Dito assim, parece linear. E não foi. Mário Soares continuou a precisar de não se deixar abater quando foi um primeiro-ministro impopular ou quando partiu para uma campanha presidencial — a primeira — com sondagens que desencorajariam qualquer outro. Mas o “não se deixar abater” que para nós pode ser um esforço seria para ele como respirar.
Um exemplo: um dia Soares contou-nos uma história hilariante sobre uma confusão entre ele ter na sua posse uma bomba para a asma (de que tinha sofrido em jovem) e a polícia acreditar que ele tinha uma bomba verdadeira. Enquanto ele prosseguia, nós ríamos à gargalhada. No meio do riso e do choro, nem reparei que era uma história sobre ser espancado por polícias na 11.ª esquadra de Lisboa.

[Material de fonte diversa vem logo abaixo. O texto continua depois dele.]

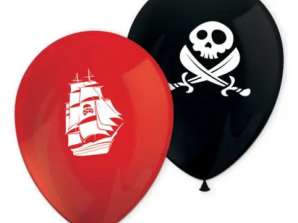 Ø-pirater 8 balloner 2 assorterede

Até numa história dessas Soares tinha a capacidade única de estar a ver a história do lado de fora, com um olhar irónico, enquanto lutava para a mudar do lado de dentro.

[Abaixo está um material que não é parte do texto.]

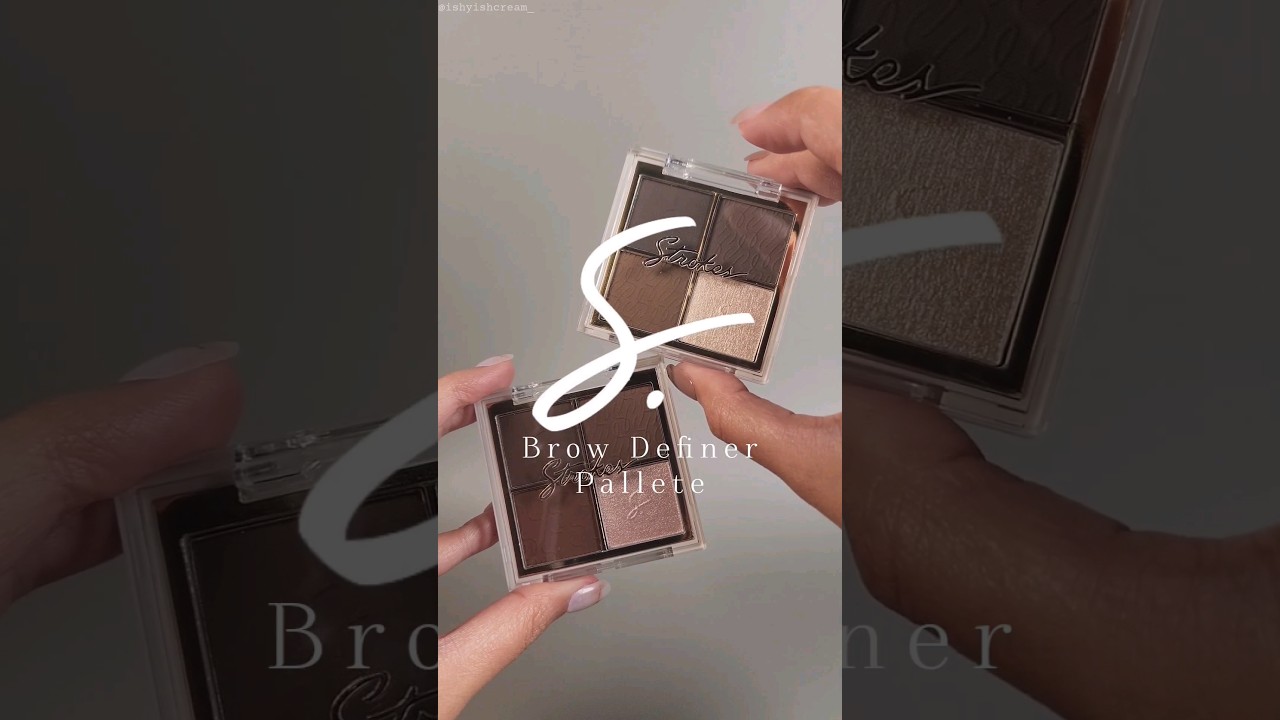 Strokes Cosmetics Brow Definer Pallete Swatches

Desculpem ser tão idiossincrático na minha rememoração. Mas nos próximos dias vamos lembrar Mário Soares de muitas maneiras. Muitos textos se escreverão acerca do seu impacto na nossa história, da sua importância política, daquilo que lhe devemos a ele como a outros combatentes pela liberdade. Seria impossível resumir tudo isso aqui. Concentro-me por isso na forma como Soares por vezes se descrevia a si mesmo: o anti-Salazar. Não só anti-salazarista, note-se, mas sobretudo o oposto polar de tudo o que Salazar era e representava da soturnidade e desesperança do Portugal reprimido. Soares fazia questão de ser o contrário disso, e deu o seu melhor para que pudéssemos também coletivamente ser o contrário do que a ditadura desejou para nós. O anti-Salazar. Anti-fatalismo. Anti-pequenez. Anti-derrotismo. Anti-fechamento. Agora teremos de apreender a ser tudo isso sem a sua presença, mas com a sua memória. Antes de passarmos à análise histórica ou política, a melhor homenagem que lhe poderemos fazer é guardar esse espírito da sua vida.